*** Opening of INPUT DATA ***

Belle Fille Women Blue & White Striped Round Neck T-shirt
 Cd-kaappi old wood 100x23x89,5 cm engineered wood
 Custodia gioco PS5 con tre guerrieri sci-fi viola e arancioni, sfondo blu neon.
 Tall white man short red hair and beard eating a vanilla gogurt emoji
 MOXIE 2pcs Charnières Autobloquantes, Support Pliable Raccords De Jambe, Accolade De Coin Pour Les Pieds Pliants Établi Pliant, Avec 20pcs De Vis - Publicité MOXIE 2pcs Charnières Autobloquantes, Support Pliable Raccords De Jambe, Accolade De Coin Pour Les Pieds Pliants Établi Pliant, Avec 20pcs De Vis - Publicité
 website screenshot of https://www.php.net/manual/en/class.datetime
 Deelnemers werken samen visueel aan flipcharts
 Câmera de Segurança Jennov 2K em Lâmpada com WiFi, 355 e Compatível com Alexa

*** Close of INPUT DATA ***

> TASK TO CARRY OUT
Taking the line with "Custodia gioco PS5" as the first, copy every line through the end of the entries above exactly, with no others.

> SOLUTION TO THIS TASK
 Custodia gioco PS5 con tre guerrieri sci-fi viola e arancioni, sfondo blu neon.
 Tall white man short red hair and beard eating a vanilla gogurt emoji
 MOXIE 2pcs Charnières Autobloquantes, Support Pliable Raccords De Jambe, Accolade De Coin Pour Les Pieds Pliants Établi Pliant, Avec 20pcs De Vis - Publicité MOXIE 2pcs Charnières Autobloquantes, Support Pliable Raccords De Jambe, Accolade De Coin Pour Les Pieds Pliants Établi Pliant, Avec 20pcs De Vis - Publicité
 website screenshot of https://www.php.net/manual/en/class.datetime
 Deelnemers werken samen visueel aan flipcharts
 Câmera de Segurança Jennov 2K em Lâmpada com WiFi, 355 e Compatível com Alexa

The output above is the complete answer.